The Attack on Monogamy

by McKayla Skinner

CNN recently published an article entitled Rethinking Monogamy Today, challenging the centuries long pattern of monogamy in marriage. Instead of couples choosing to “break up, cheat or just ‘settle” when they have sexual differences, the article suggests an alternative that encourages couples to be “informed,” break social stigma’s, and try extramarital relationships, which they claim supposedly increase novelty and communication. Yet, the article does not consider critical negative complexities of non-monogamy, such as (1) the difference between novelty and the need to be known, (2) the fact that there is more to marriage than sex, and (3) that jealousy takes away from true honesty in marriage.

Novelty versus Need to be Known

            Why is novelty a temptation for couples who have been married longer, or for those who feel their honeymoon passion has plateaued? Many may not realize that this plateau is meant to happen, and that it is part of a natural process. The brain excretes the same number of hormones that match up with their receptors, and overtime that honeymoon “rush” becomes more normal. This natural process is what many couples mistake as falling out of love, when they have not taken the next step towards deeper and more mature love. That initial bonding at the beginning of the marriage is not without its benefits. It helps establish the relationship, separating it from others, and helps the couple to weather the challenges of a new marriage. However, more full intimacy (emotional, psychological, etc.) comes with time, and is not found in mere novelty or through complicating the marriage relationship with more sexual relationships. The real need behind novelty is the need to be known, not just sexually.

More to Marriage than Sex

If one were to ask family psychologists, such as Alan Hansen from Canyon Counseling Center, they would tell you that most couples who struggle with sexual issues have deeper communication issues with intimacy, or the need to be known. In speaking to a group of young married couples, the psychologist presented a triangle method used in his practice emphasizing safety as the base and sex as the climax of marriage, with sex being the smallest part. When the foundation needs are met, then the sexual relationship flows naturally, but when sex is the base of the relationship couples are more likely to have an affair or break up.

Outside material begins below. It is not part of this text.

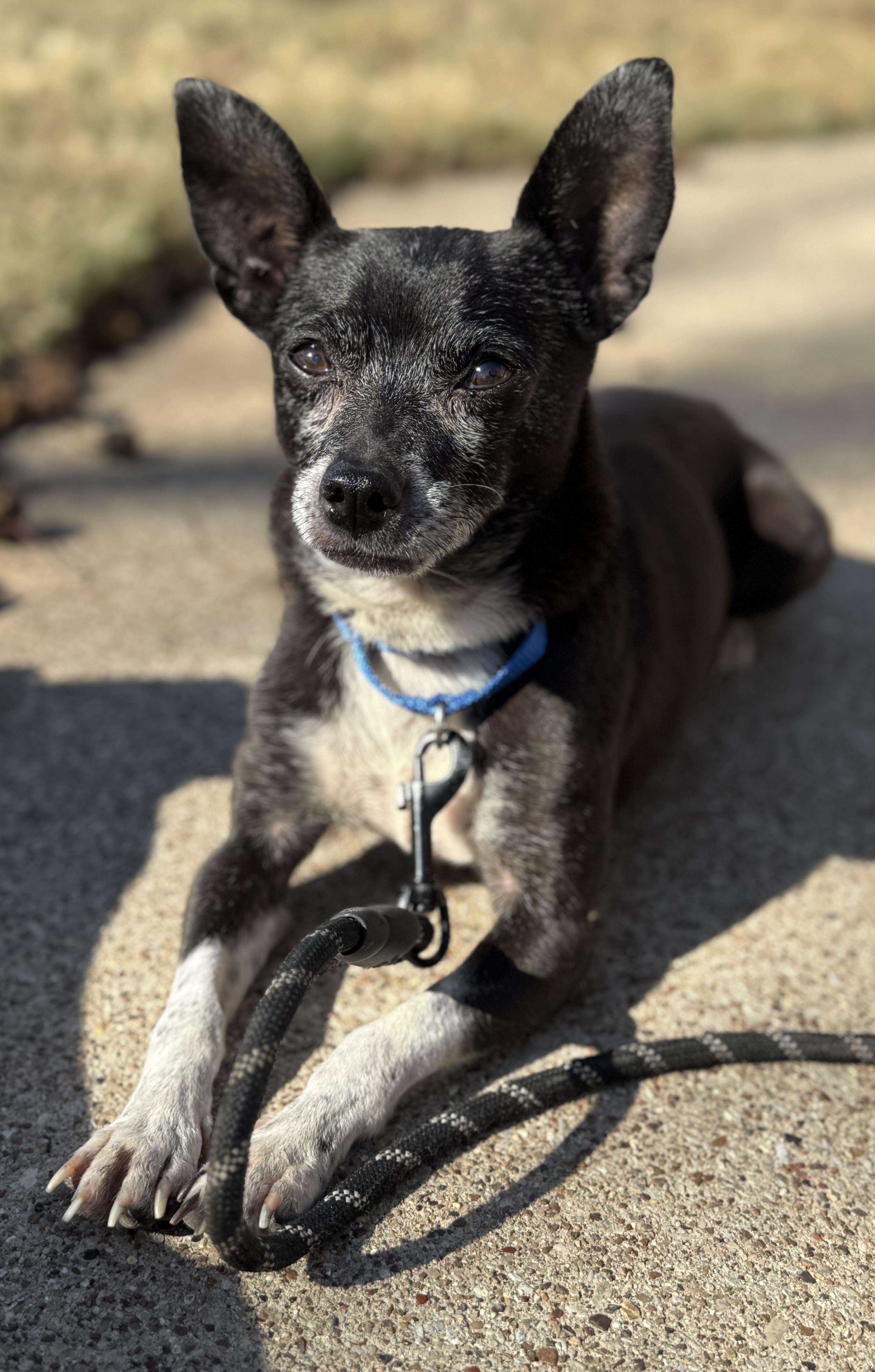 Harry, Adoptable, Adult Male Chihuahua.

Jealousy Undermines True Honesty

            Hollywood is a main culprit that romanticizes jealousy in relationships, misinforming viewers about the proper way to build committed relationships. They fail to mention emotional baggage from having multiple sexual partners, and glorify the tension between love triangles, all the while promoting love in marriage as only a consumer’s market and withholding the responsibility of its “status, [or] office” to the community and family. The true face of jealousy brings deep pain into the heart of the spouse and the children. Jealousy truly does undermine honesty. The CNN article attempts to advocate for honesty in open relationships, encouraging couples to declare boundaries in their extramarital relationships. However, this is a misuse of honesty, and when couples are truly honest with themselves they realize that infidelity is not honest to the commitment they made to their spouse at the beginning of their marriage. Couples who want to strengthen their marriage should think about how they can get to know their spouse on a deeper level, what more there is to their marriage than sex, and what their responsibilities are as couple to their family and community.